Although no new nuclear power plants have come online in the United States since 1996, capacity continues to grow incrementally as operators refurbish existing units and minimize refueling outages. The additional capacity impacts gas-fired generating units as they typically are the marginal source of power, analysts at Barclays Capital noted.

"Monthly nuclear generation in 2008 averaged 67,182 GWh, well above 2000 levels of 62,824 GWh," the analysts wrote in a recent research note. "If the entirety of nuclear's gains displace natural gas, it equals roughly 1 Bcf/d in lost gas demand over these nine years. The potential for further nuclear gains is limited without capacity increases as utilization is bumping against constraints. Still, there is potential for nuclear to increase marginally, nibbling at the generation share of gas."

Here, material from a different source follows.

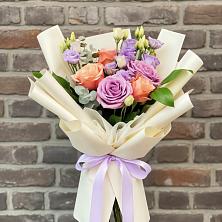 Букет цветов из:  Лизиантусы и Розы в Железногорске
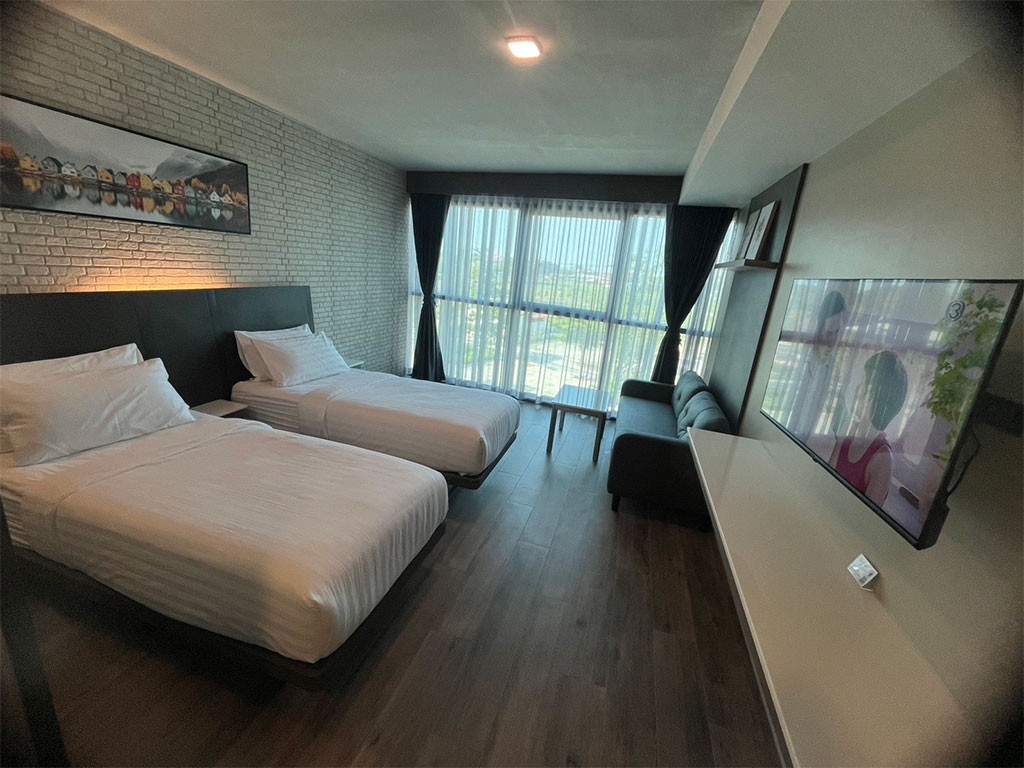 บีบี กลาส์ เฮ้าส์ แปดริ้ว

In addition to incremental capacity gains, the nuclear industry also saw the restart of the Tennessee Valley Authority's Browns Ferry Unit 1 near Athens, AL, in May 2007. The plant, if it operates similarly to others, can contribute 1,050 average megawatts (aMW) during the course of a year, Barclays noted, making for up to 190 MMcf/d of lost gas demand.

"From 2003 to 2007, in aggregate (and excluding the increase reported in Browns Ferry Unit 1), the U.S. nuclear plant fleet added 1,268 MW of capacity from the same number of plants," the analysts noted.

Additionally, utilization is up due to shorter and less frequent outages for plant refueling; unplanned outages have been reduced as well, they said. "In 2000, utilization averaged just 88.4% versus 91.5% in 2008."

However, while nuclear plants can be run at progressively higher utilization rates as the industry matures, they may be approaching a plateau or even see declining utilization rates in coming years, energy analysts with Raymond James & Associates Inc. said in September (see NGI, Sept. 28).

And the Barclays analysts conceded that it's impossible to tell whether generators other than gas-fired units are also displaced by the nuclear capacity. "In fact, gas-fired generation has increased through the decade, boosted primarily by capacity additions and growing demand," they wrote.

Earlier this year gas-fired generators were able to take a bite out of coal-fired capacity as depressed natural gas prices made gas-fired units more economic than coal plants, as noted by Barclays and others (see NGI, Sept. 21).